Wednesday, December 8, 2010

Guilt by Association

Gult by association is an attempt to discredit an argument or idea by associating it with something the audience would not approve of.

This is a fallacy of inductive reasoning, which means it argues from particular examples to the universal. This is the opposite of syllogistic arguments, which are deductive,, moving from universals to particulars: for example, All men are mortal, therefore Socrates is mortal. A typical inductive argument might look something like this:

Premise. I have seen hundreds of swans, and they were all white.
Conclusion. Therefore, all swans are white.

In a deductive argument, the conclusion necessarily follows from the premises: if they are true and the argument is valid, then the conclusion must be true. Obviously, this isn't the case with an inductive argument: it's possible for the conclusion to be false even if the premises are true. (All it takes is to find a black swan: they do exist.) Inductive reasoning relies on probability: the stronger the premises, the greater the likelihood that the conclusion is true.

More specifically, guilt by association is a form of hasty generalization, in which the sample size isn't large enough to support the conclusion. Just because a certain position or thing and something unpleasant share one characteristic, doesn't mean they share enough characteristics to be actually connected.

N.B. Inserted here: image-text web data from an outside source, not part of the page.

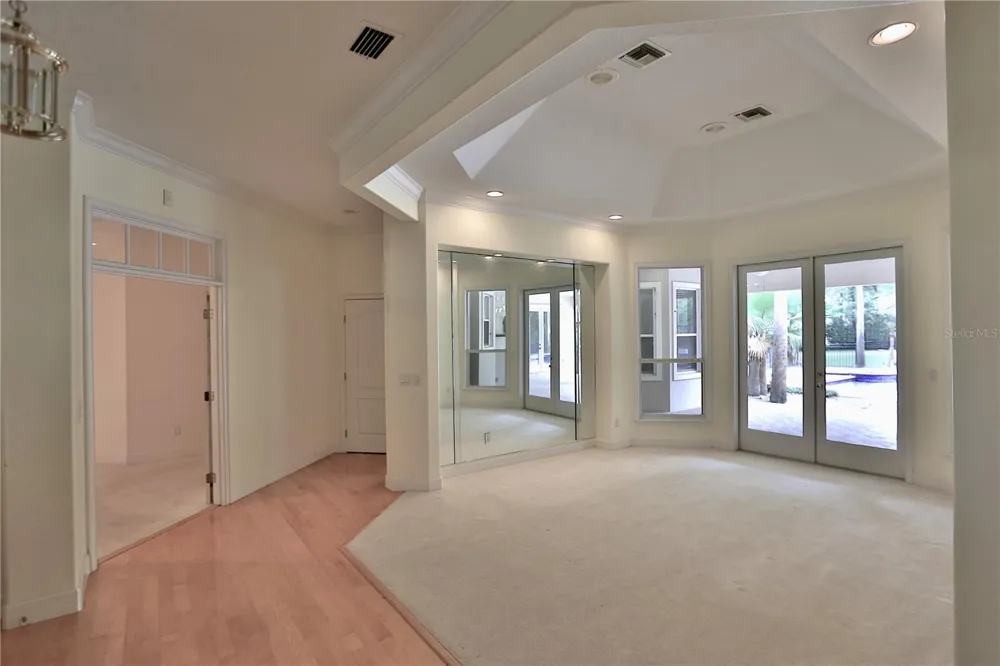 500 SE 69TH PLACE ocala, FL 34480
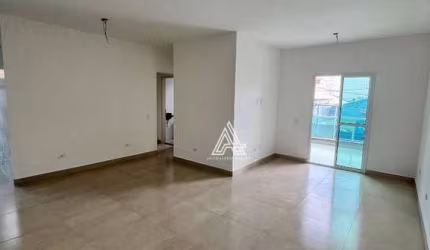 Lindo apartamento se condomínio para venda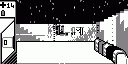 demo_star0.gif
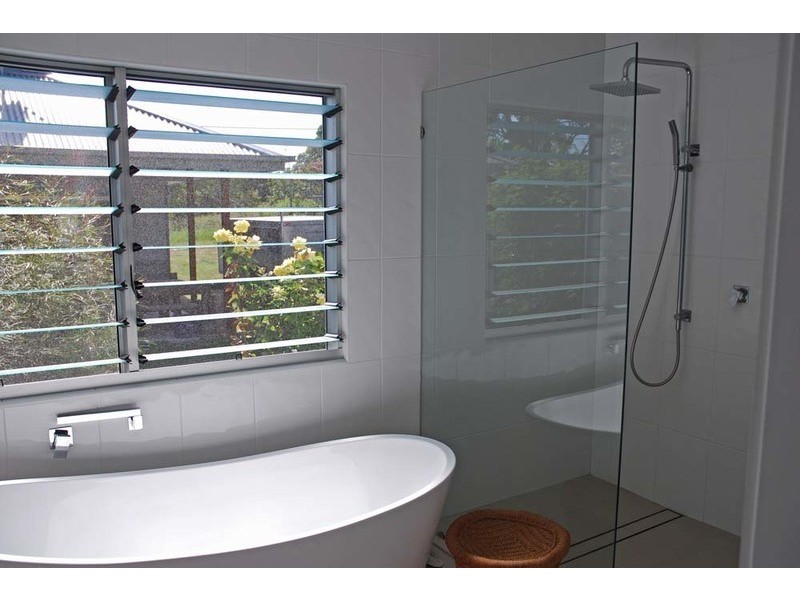 9A Mantons Lane, Lawrence NSW 2460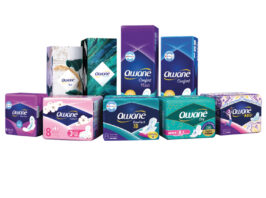 AWANE ADO NORMALE DE 9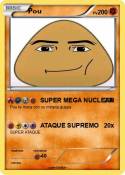 Pou Pou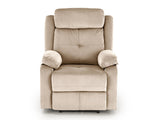 Armchair recliner 555921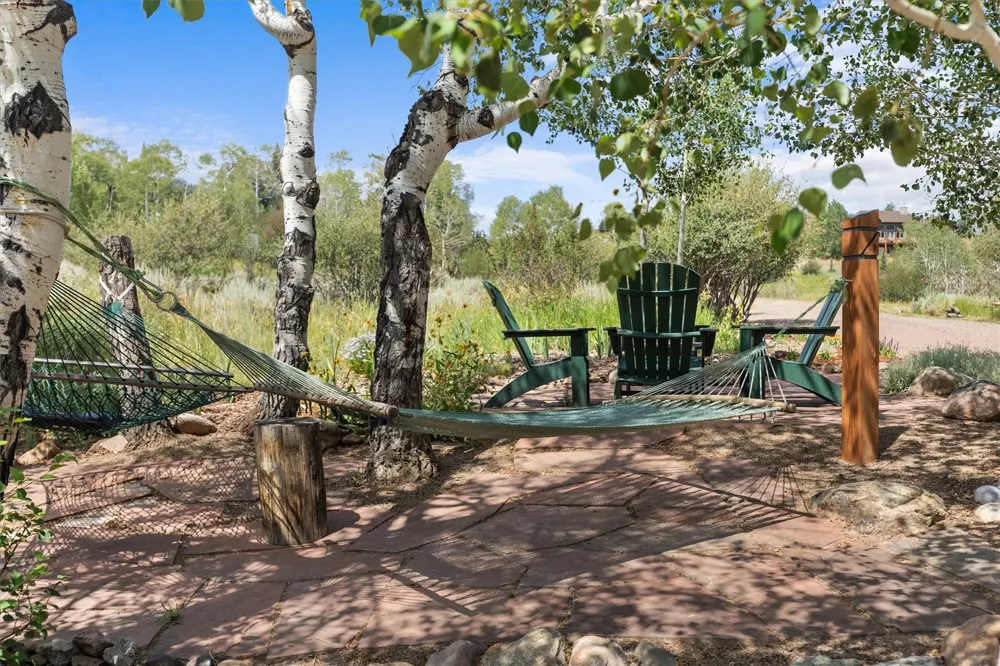 23020 Lynx Basin Lane Oak Creek, CO 80467
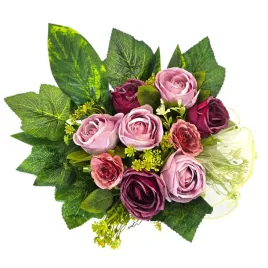 stroik-na-cmentarz-kompozycja-kwiatowa-na-grob-miska-z-obciazeniem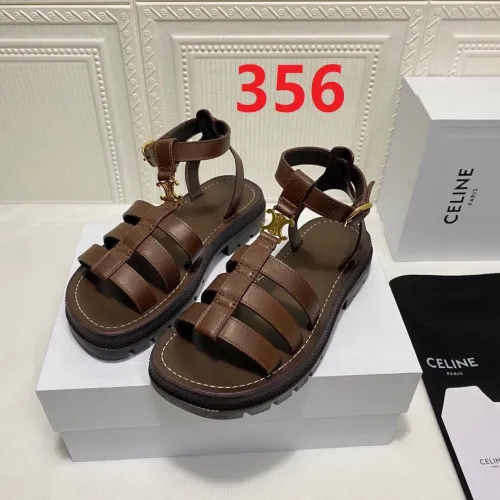 women flat  sandals shoes, size 35-40,SS70-356-357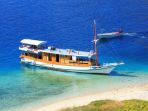 kapal_20170407_174843.jpg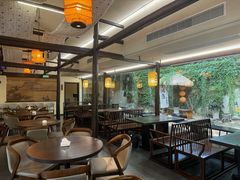 -乌记大厨餐厅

Guilt by association is very similar to the formal fallacy of the undistributed middle term.

Examples

This is one of those fallacies that's simple enough to concoct, simply by invoking Nazis:

Why would I want to be a vegetarian? Hitler was a vegetarian, you know.

The wrongheadedness of this argument is easily exposed simply by pointing out many of the other innocent things Hitler did: breathe, love his mother, drive in cars, and so forth. You wouldn't want to be like Hitler, would you?

Terry Watkins of the KJV-onlyist Web site Dial-the-Truth Ministries commits this error on a page titled "The New King James Version: Counterfeit":

NKJV changes "end of the WORLD" to "end of the AGE"! And in it's [sic] no longer the "WORLD to come" but "AGE to come". The New Age Movement teaches a series of ages (hence the name: New AGE). See Matthew 12:32, 13:39, 13:40, 13:49, 24:3, 28:20, Mark 10:30, Luke 13:30, 20:34,35, 1 Cor 1:21.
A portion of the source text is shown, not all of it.